▶ _Work required_
Where the entries below show "155 lbs Semifinal", begin there and print that line and all following lines exactly, through the last, omitting pictures.

Input material Start Marker

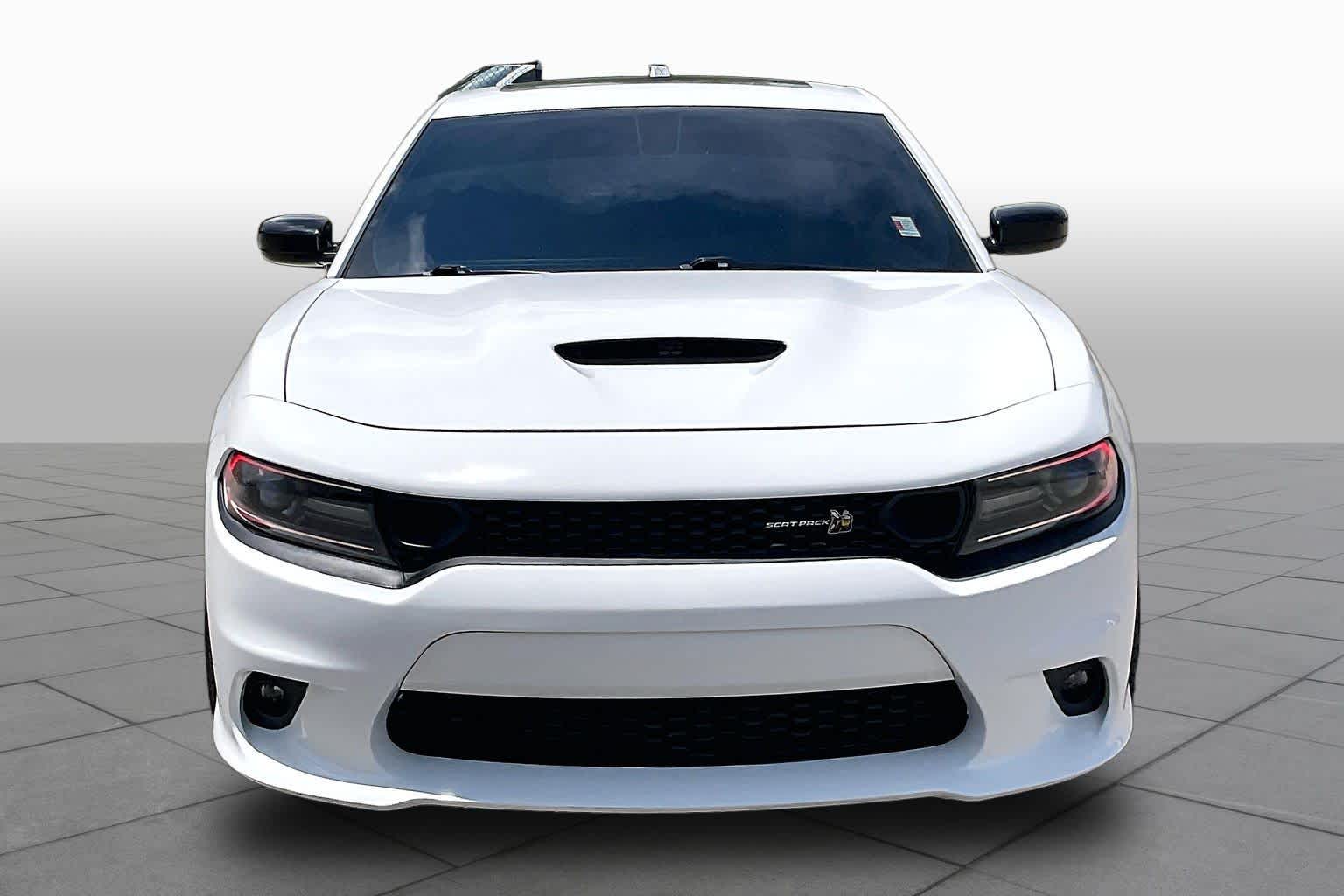 2023 Dodge Charger Scat Pack White Knuckle Clearcoat at Beck & Masten Kia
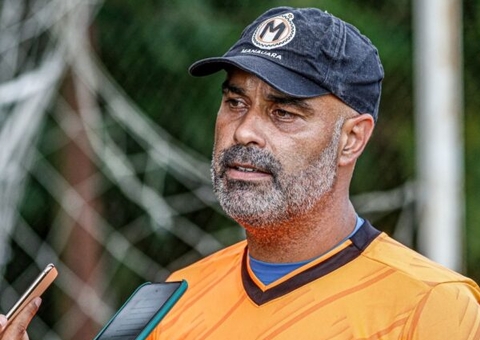 Cristian de Souza lamenta 'quebra' de ritmo com longa parada no Barezão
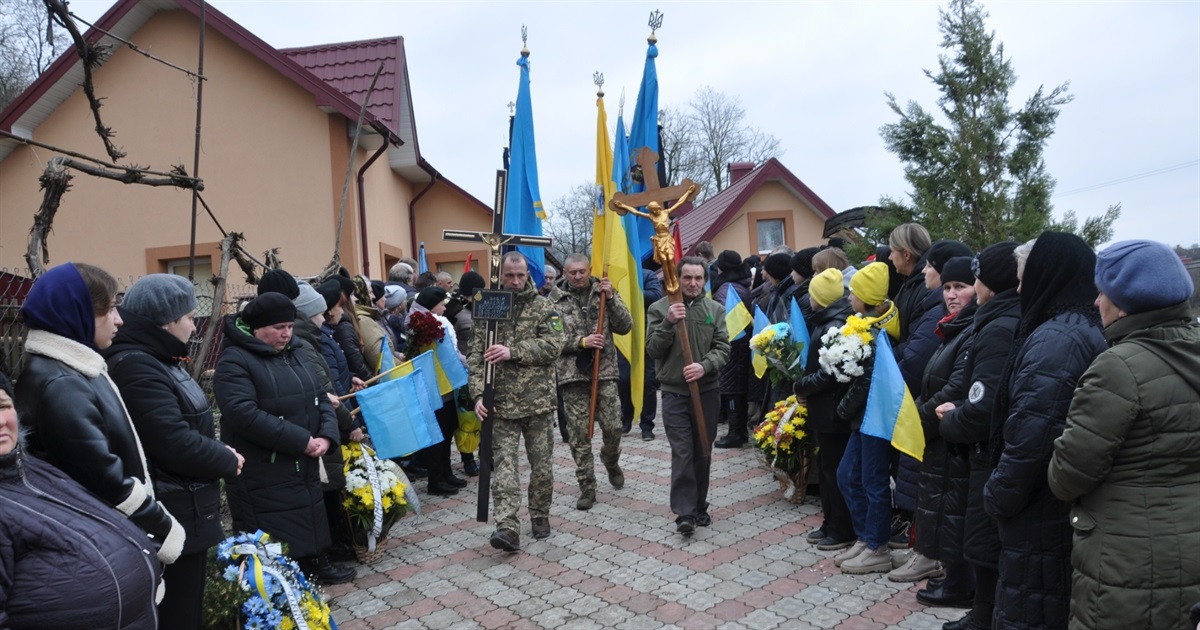 У Шульганівці, що на Чортківщині, віддали данину пам’яті воїну з глибоко патріотичної родини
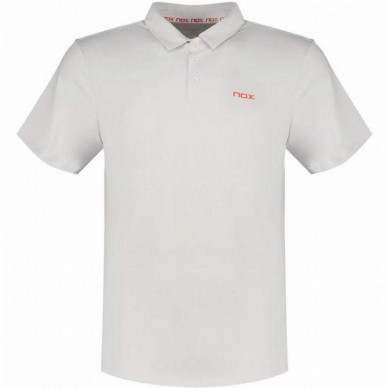 Polo Nox Team Regular White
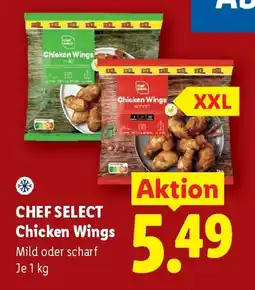 Lidl Chef Select Chicken Wings Angebot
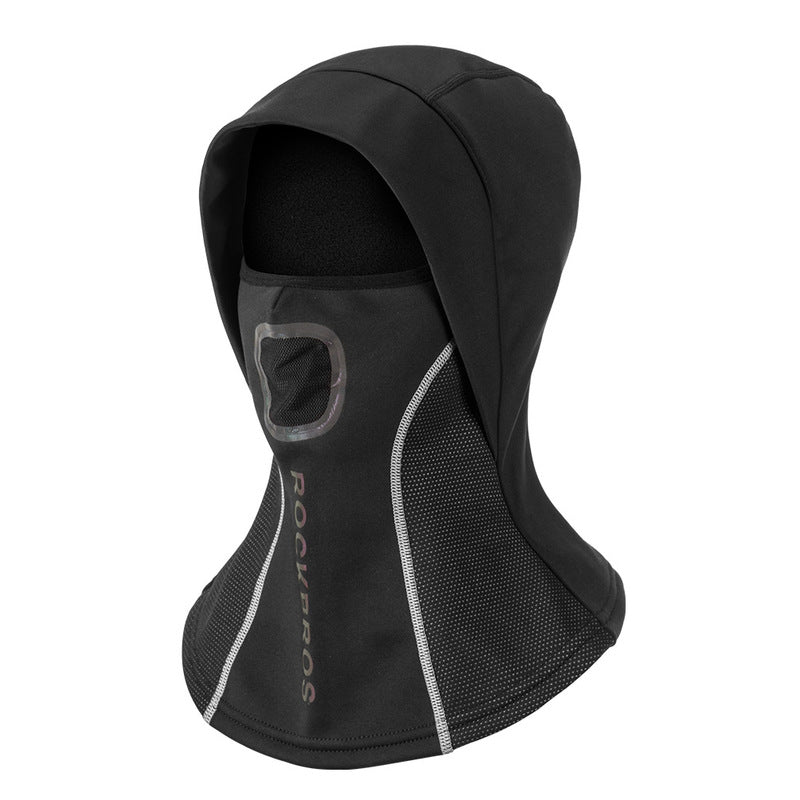 Unisex Fleece Balaclava – Hooded Winter Face Cover with Extended Neck Protection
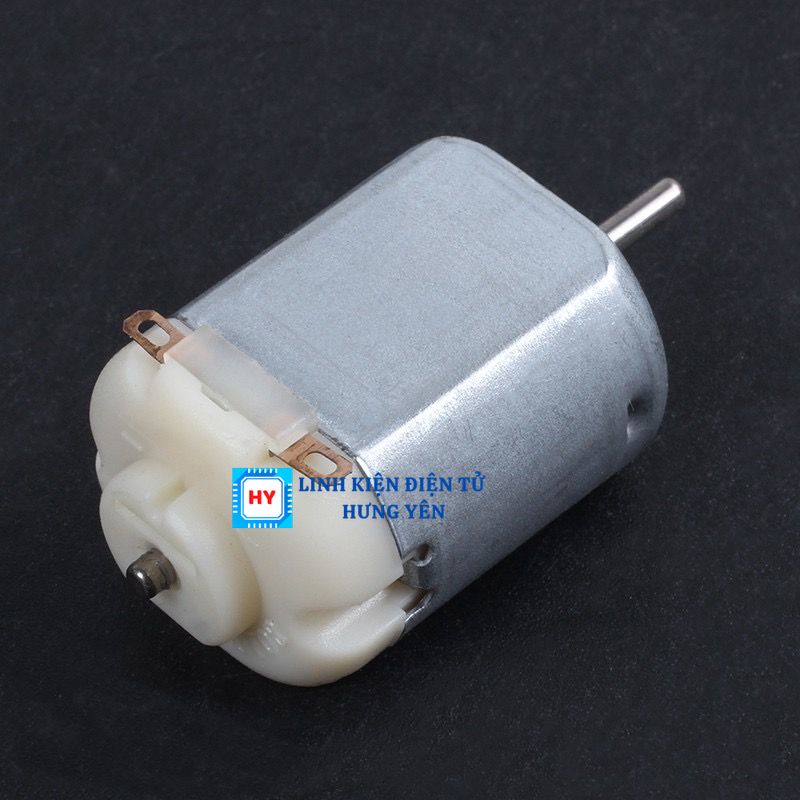 Động cơ DC 130 Mini 3V Motor 3V DIY xe robot thông minh, xe đồ chơi mô hình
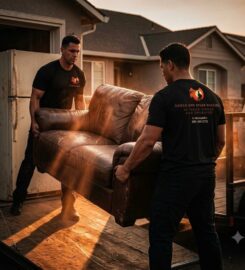 Shield and Spear Hauling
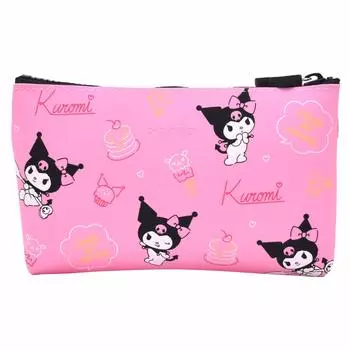 NUU Sanrio силиконовый чехол на молнии для ручек, держатель для аксессуаров Kuromi [Opabinia]
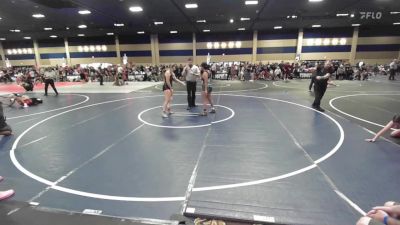 155 lbs Semifinal - Kaitlyn Bailey, Durham Elite vs Laura Rodriguez, Pirates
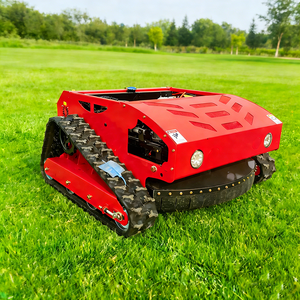 Cortadora de Césped Eléctrica Multifuncional de 4 Tiempos, de Uso Industrial y para Jardín, con Control Remoto y Orugas, en Oferta - Product Image 4
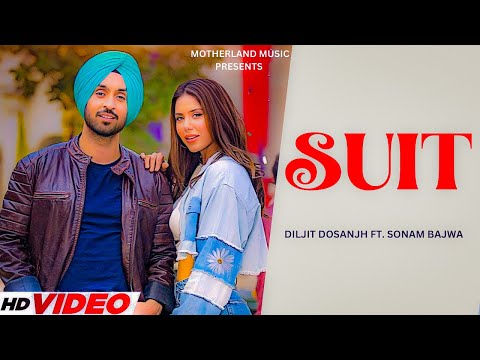 Diljit Dosanjh - Suit (Official Audio) Moon Child Era | Diljit Dosanjh Songs | New Punjabi Songs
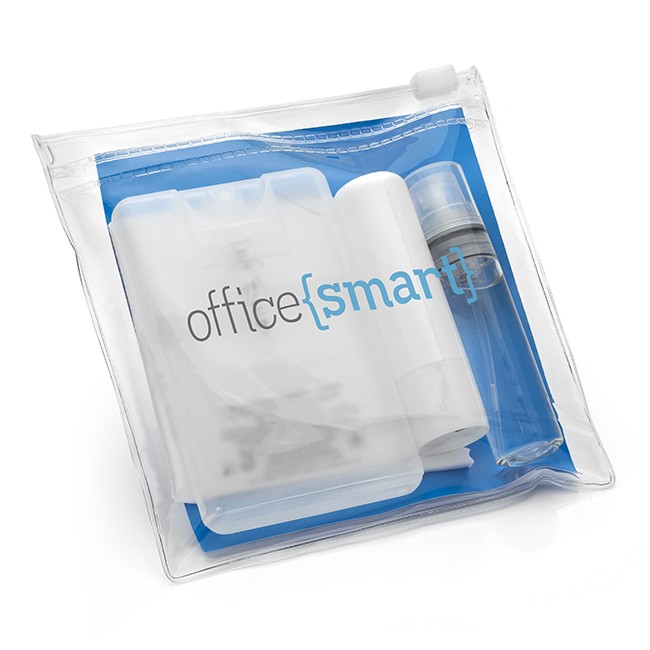 Promotional Pocket Mini Office Kit Hands Clean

Input material End Marker

▶ _Task output_
 155 lbs Semifinal - Kaitlyn Bailey, Durham Elite vs Laura Rodriguez, Pirates
 Cortadora de Césped Eléctrica Multifuncional de 4 Tiempos, de Uso Industrial y para Jardín, con Control Remoto y Orugas, en Oferta - Product Image 4
 Diljit Dosanjh - Suit (Official Audio) Moon Child Era | Diljit Dosanjh Songs | New Punjabi Songs
 Promotional Pocket Mini Office Kit Hands Clean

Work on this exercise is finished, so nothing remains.